Apenas nada relevante que destacar, si exceptuamos la impresionante puesta en escena y presentación, en la sarta de obviedades y lugares comunes con las que los comentaristas y el director del programa nos castigaron. Tan sólo la relación entre el hecho de que el muñeco, el payaso, es un ser que usa una máscara, algo que oculta, que no nos deja ver el fondo real de las personas y por ende del universo…
Sin embargo no puede dejar de pensar en ello. La fuerza simbólica del payaso está ahí. En eso tenían razón; es una fuente de miedo e perturbación muy común, demasiado común. Conozco a mucha gente, conocidos, amigos y hasta familiares que sufren esta, si no fobia, al menos sí inquietud. La literatura y el cine (de terror) han explotado dicho símbolo a placer, con mayor o menor éxito.
¿A qué puede deberse, me preguntaba?
¿Máscara? Sí, podría ser una respuesta. La máscara es oculta algo que alguien quiere que no veamos, disimula, cambia el aspecto y por ende la personalidad. Ese alguien quiere engañarnos, y nuestro subconsciente nos impele a temer el engaño, a ser precavidos y preguntarnos por qué, con qué intención se nos quiere engatusar.
Sin embargo se me vino a la mente otra posible causa más centrada en el propio personaje del payaso.
El payaso es la trasmigración del bufón, su evolución histórica.

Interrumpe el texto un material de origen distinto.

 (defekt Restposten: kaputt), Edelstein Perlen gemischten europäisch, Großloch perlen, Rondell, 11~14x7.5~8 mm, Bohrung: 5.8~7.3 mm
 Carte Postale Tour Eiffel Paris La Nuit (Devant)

Se le está permitido todo. En cierta manera un payaso no obedece a las reglas, las subvierte con el objeto de hacernos reír. Sí, un payaso destila ternura a través de algunas de sus acciones, pero no olvidemos que él también juego con la crueldad y el dolor, con la falsedad y el engaño. Todos recordamos esos gajs en los que un segundo personaje es objeto de todo tipo de barrabasadas, de acciones que en la vida real estarían mal consideradas e incluso serían reprobables y punibles. Existe una deliberada y rebuscada brutalidad en muchas de estas escenas ‘graciosas’, a lo que se suma esa especie de capacidad mágica para pasar por encima de las reglas materiales (no sólo las morales). Ese espectáculo alimenta y apacigua nuestros impulsos primarios, alimenta nuestro lado oscuro y doma nuestra propia tendencia hacia la crueldad. Por su puesto, en el momento que el espectáculo se acaba, salimos del circo, apagamos el televisor, las reglas vuelve a tomar el control, el exceso y la crueldad están sometidos al imperativo de la convivencia, de la ética.
Pero la figura del payaso sigue ahí, hincada como un paradigma de que es difícil desembarazarse. Y entonces se convierte en un intruso, en un peligroso compañero de habitación que en cualquier momento puede reaparecer, y con él su comportamiento impredecible, sádico y dañino. Es un perfecto foco de miedo, de inquietud, es poderoso, despiadado, habituado a buscar los puntos débiles y aprovecharlos… sólo que cuando está ahí, colgado de la pared de nuestro dormitorio, escondido entre otros peluches, al acecho, su compañero en los juegos macabros es uno mismo y no cualquier otro payaso.
Creo que ahí reside el poder de fascinación del payaso, esa fascinación negativa, claro.